The string of attacks on oil tankers in the Gulf of Oman serve as a chilling reminder of how vulnerable commercial vessels are when set upon by aggressors in fast-moving craft that are hard to spot.
Two tankers were damaged on 13 June as a result of explosions, following four similar attacks in the early hours of 12 May.
Alarming footage appears to show the crew of what the US military says is an Iranian patrol boat removing a limpet mine from the hull of the Kokuka Courageous, the discovery of which had apparently caused the tanker’s crew to abandon ship.
Meanwhile, China’s government has warned shipping companies to implement heightened security measures aboard vessels passing through the Strait of Malacca.
Fending off small, agile craft carrying armed attackers – whether they be saboteurs or pirates – is a daunting prospect for the crews of large ships that might only be equipped with fairly limited countermeasures.
But if a targeted vessel has a means of identifying threats when they are still some distance away then they have a chance to mount a well-planned response.
According to counter-piracy guidance published by the International Maritime Organization (IMO), one of the fundamental elements of a plan to avoid being attacked by pirates is increasing vigilance so as not to be surprised.
“A proper, visible lookout is the most effective method of ship protection,” advises the IMO, which is the United Nations agency responsible for the security of shipping.

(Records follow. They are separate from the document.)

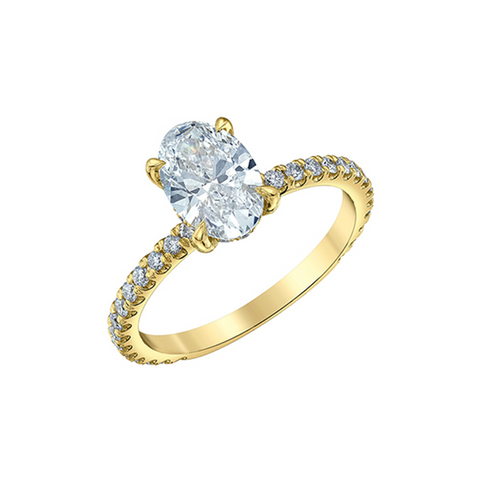 14K Yellow Gold 2.03TDW Lab Diamond Oval Engagement Ring with Side Diamonds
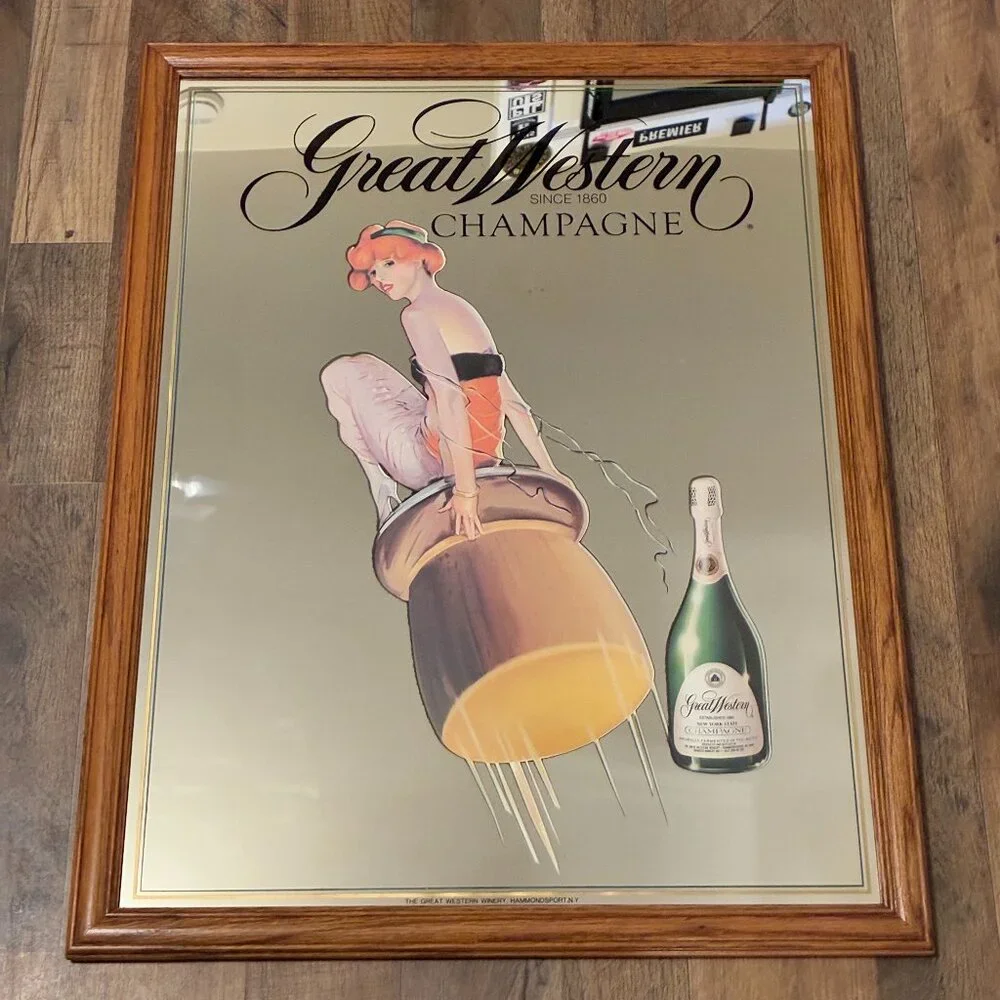 Vintage Bar Mirror Great Western Champagne Art Deco Pinup Hammondsport NY Winery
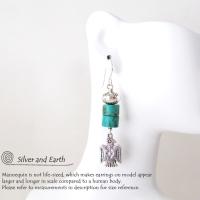 Silver Thunderbird Earrings with Natural Turquoise Stones - Southwestern Jewelry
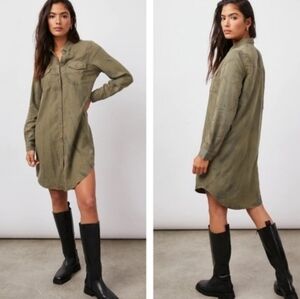 Rails Sandra Olive Black Tye Dye Button-Up Dress Shirt Lagenlook Small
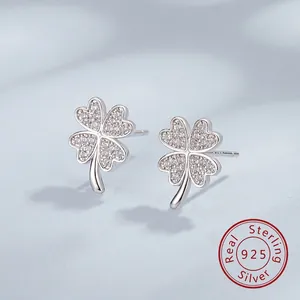 Boucles d'Oreilles Clous Cœur Trèfle à Quatre Feuilles en Argent Sterling 925 pour Femme Bijoux de Mode Strass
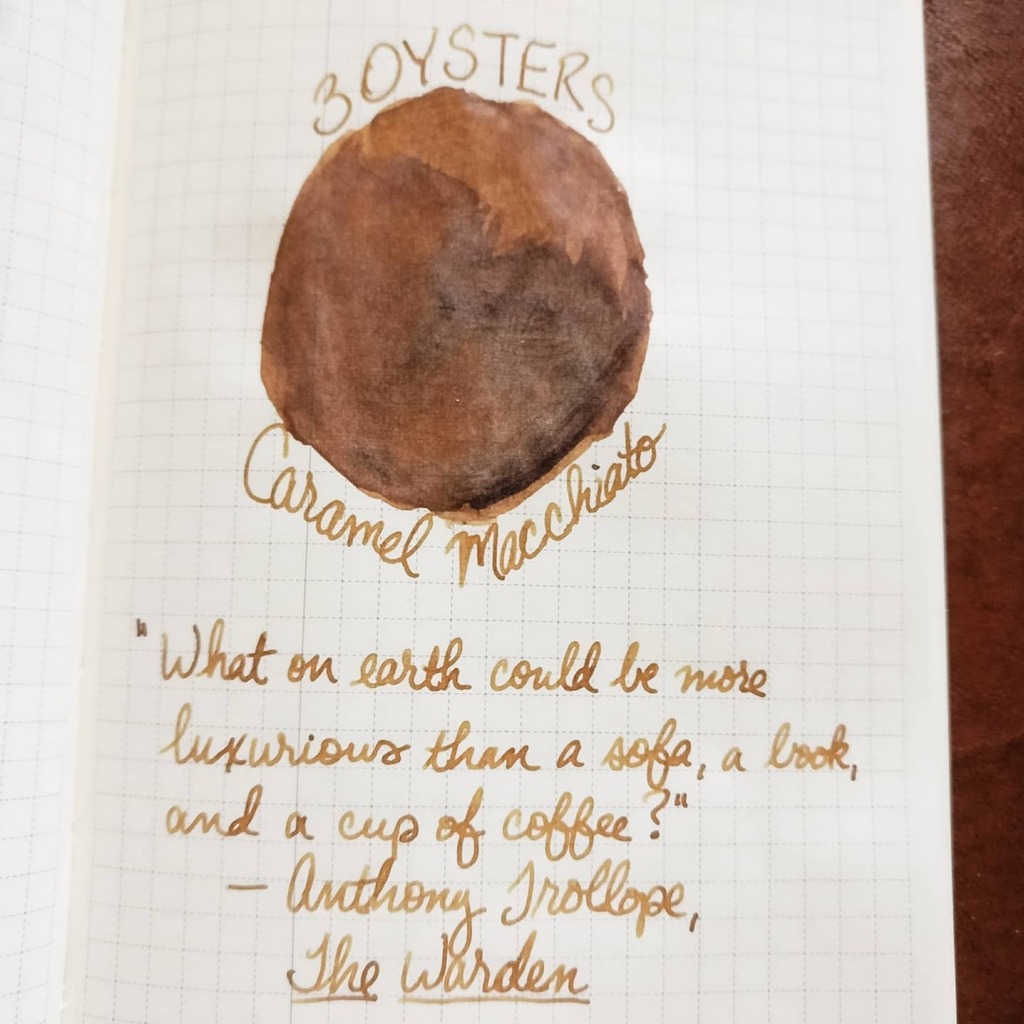 3 Oysters Caramel Macchiato is a warm light brown. This ink highlights my weakness for inks with coffee-related names. I love writing on ivory paper with golden brown ink.

"What on earth could be more luxurious than a sofa, a book, and a cup of coffee?"… instagr.am/p/CT5L69BPvFt/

“It can help identify a suspicious approach or attack early on, allows defences to be deployed and can serve as an effective deterrent to would-be attackers.”
The importance of enhancing situational awareness cannot be overstated.
However, while a human lookout may well act as something of a deterrent, only an automated maritime search system can reliably and cost-effectively detect the sorts of small craft that might pose a serious threat to commercial vessels, every minute of every hour.
In fact, it is not just shipping companies that should consider introducing this kind of high-tech solution to better protect their crews, as well as their precious cargo.
Pirates have been known to attack naval forces, mistakenly or otherwise.
For instance, when operating west of the Seychelles in 2010, the US Navy frigate USS Nicholas captured a group of Somali pirates after being fired upon in an attack launched from a skiff.
The threat of terrorists targeting naval vessels remains a cause for concern, almost 20 years after the small-boat suicide attack on the USS Cole in Yemen.
Navies also need to determine how best to counter the emerging threat posed by unmanned surface vehicles (USVs).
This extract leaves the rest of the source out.